The result is the Kellys’ home, which has elegant yet durable exterior features and sits a full five feet off the ground—just like the homes on St. Charles—with 12-foot porches deep that flow easily into the kitchen and den. It’s perfect for game day.
“He’s a master of detail,” says Jeri Kelly, who speaks the language of a seasoned architect. “He taught me.”
“Trust” is a word that Harris uses often. When he started on the Tuscan-inspired house in Mississippi, he had a case of the jitters. Here was a homeowner who had a huge budget and was willing to let Harris run with it. The lack of limitation was a little overwhelming.
“The creative process is both terrifying and rewarding,” Harris says.
He focused all his energy initially on building rapport with the client.
“I must have told every contractor and subcontractor that once that trust was established, I was not going to lose it.”
“If I moved it forward 35 feet, the view is shot,” he says. “It’s a retreat. It belongs on this hill. And it’s arranged for the view.”
In the early stages of an idea, Harris likes to hand-draw his vision.
“When you work on a computer, it’s algorithmic,” he says. “When I draw on paper, I can have it in my head, and instantly my brain reconfigures the house in three dimensions.”
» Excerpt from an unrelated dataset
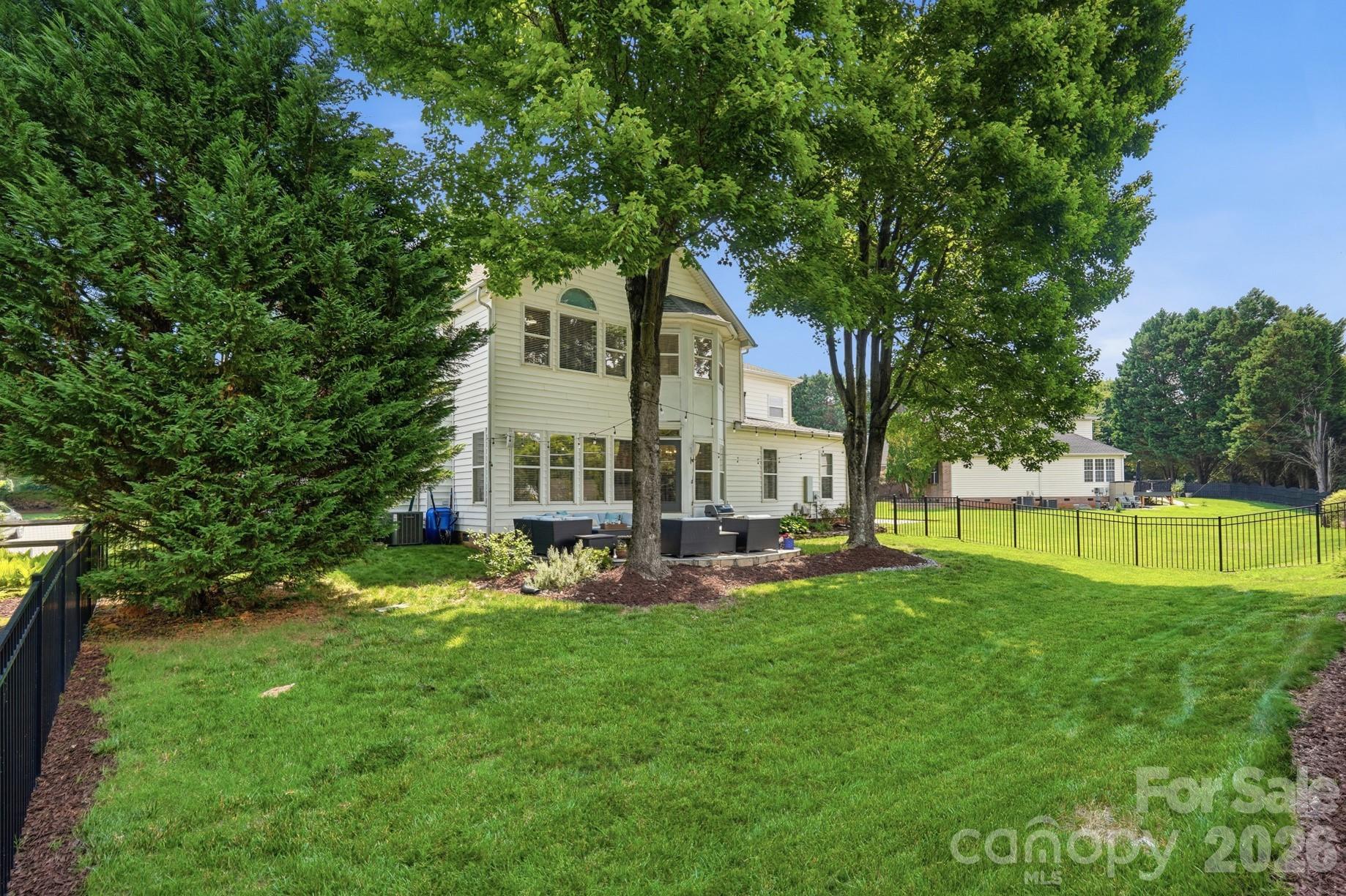 Crown Harbor - Residential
He counts A. Hays Town as one of his mentors. In the early years of his firm, he renovated a few of Town’s buildings. It was gratifying to knit his vision on top of the one Town had built.
“What a prince of a man he was,” he says. “We grew up in two different eras, but he was very much against the grain. I would hope I could be compared with him at some point in the future.”
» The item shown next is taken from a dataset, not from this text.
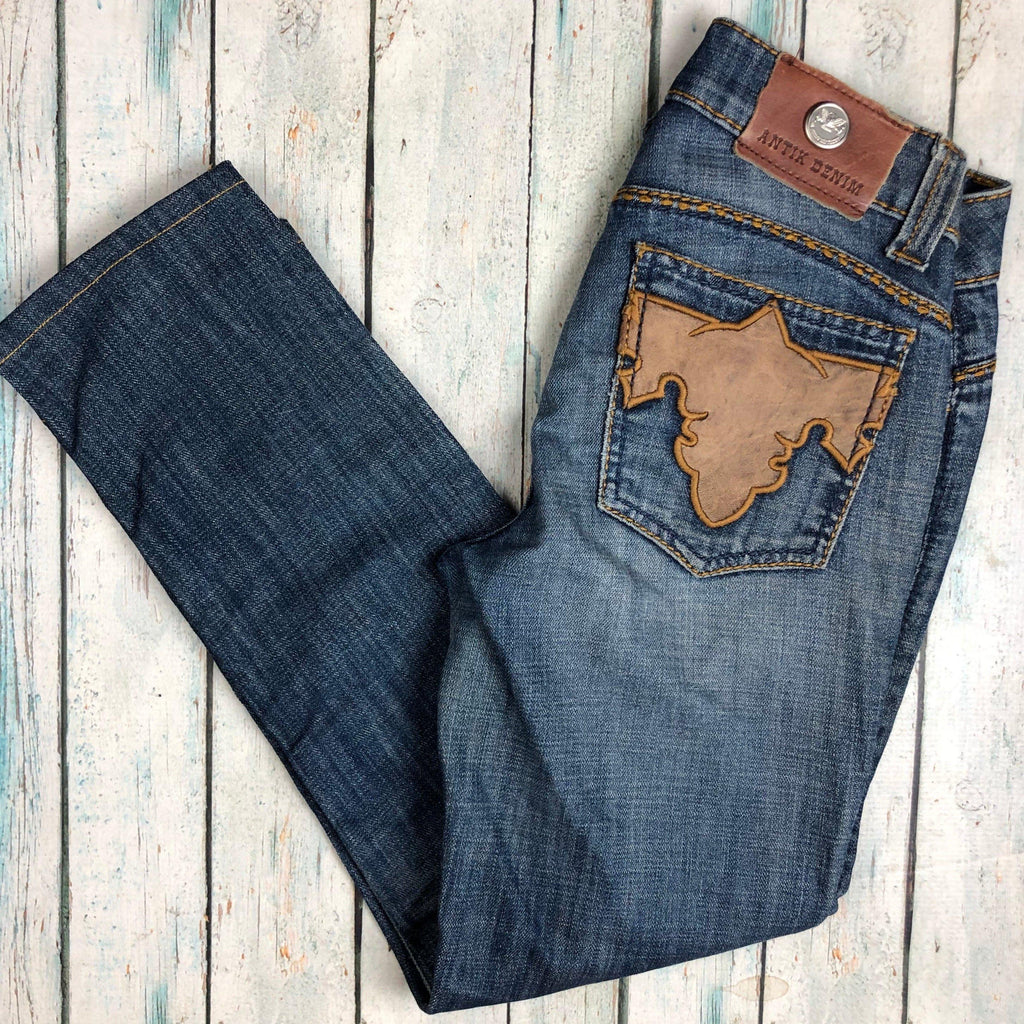 NWT - Levis 70s High Flare Jeans -Size 28 or 10AU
Harris walked the property, which was set on a hill, to perfectly situate the home on its 60 acres. He took aerial photos and used a truck lift to figure out how to design each room to maximize the vista.
Architects sometimes have to play politics to get big projects. Harris says he prefers to zero in on the work and build a solid reputation among clients. He’d like to see local architects work together to expand their knowledge and share what they’ve learned on the job. Together, he believes, architects can give Baton Rouge a distinct look that will carry it into the next century, and beyond.
The very best architects make it their mission to leave behind beautiful buildings, Harris says. Old buildings don’t get preserved if they aren’t nice to look at. “Unless Washington slept there,” he quips.
“I measure my buildings by how long they last and if people love them.”